И вот как раз в тот период, когда идея контракции господствует, когда практически весь учёный мир признаёт её, в 1912 году, против этой теории выступает немецкий учёный Альфред Вегенер, заявивший, что в формировании лика Земли главное вовсе не сжатие коры, но горизонтальные движения континентов, которые странствовали по планете, словно айсберги по океанскому простору.
В самом факте такого выступления ничего удивительного не было. Мы же знаем, что голоса мобилистов то и дело раздавались в течение нескольких предыдущих веков. Удивительно было другое: суждение Вегенера оказалось вовсе не столь просто отбросить, заглушить, как тихие голоса всех его предшественников. Уже через три года после первого доклада, в котором Альфред Вегенер высказал мобилистские идеи, весь учёный мир был втянут в серьёзную дискуссию по проблеме дрейфа материков. У этой идеи оказалось немало сторонников. А многие учёные, продолжавшие придерживаться контракции, ясно поняли, что в этот раз нападение на их любимое детище отразить будет нелегко, концепции предстоят испытания куда более тяжкие, чем все предыдущие.
Однако чем же был вооружён зачинщик битвы, когда бросил вызов устоявшимся общепринятым взглядам, выстраданным наукой в течение нескольких веков?
То-то и поразительно: по сути дела, ничем принципиально новым. Об этом вполне определённо пишет сам Вегенер: «В 1910 году мне пришла в голову мысль о перемещении материков, когда, изучая карту мира, я поразился сходству очертания берегов по обе стороны Атлантического океана».
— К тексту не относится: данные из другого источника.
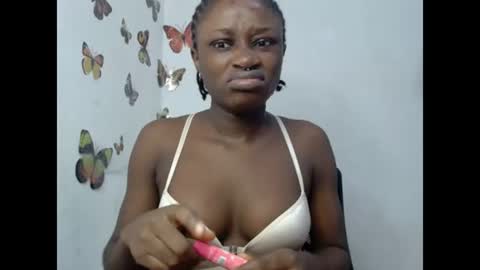 Snapshot of sweetjuicyclit chatting on July 2026 11:59:01 AM zuri online show from July 2026 11:59:01 AM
Признание сие не может не вызвать удивления. Ведь мысль об этом сходстве «приходила в головы» многим, по крайней мере со времён ещё аббата Пласе. Что же, наш уважаемый борец не имел представления о трудах своих предшественников? Абсолютно никакого! Спустя десятилетие после первого своего выступления — в 1922 году — Вегенер, перечислив в своей книге несколько сочинений, авторы которых прежде развивали мобилистские идеи, далее признаётся: «Со всеми этими работами я познакомился впервые тогда, когда теория перемещения у меня уже сложилась, а с некоторыми даже и значительно позже. Не исключена возможность, что со временем мне станут известны другие работы, в которых содержатся положения, близкие к теории перемещения или даже обосновывающие тот или иной пункт её. Историческое исследование этого вопроса ещё не предпринято».
Итак, наш ратоборец о трудах своих предшественников поначалу вообще ничего не знал, да и впоследствии особого интереса к ним не проявил. Но что же тогда давало ему основание начать полемику? Как дальше обошёлся он с мыслью о перемещении материков, которая столь неожиданно пришла ему в голову в 1910 году, когда он поразился сходством берегов по обе стороны Атлантического океана? «Но тогда, — продолжает Вегенер, — я не придал этому значения, так как не считал такие перемещения возможными».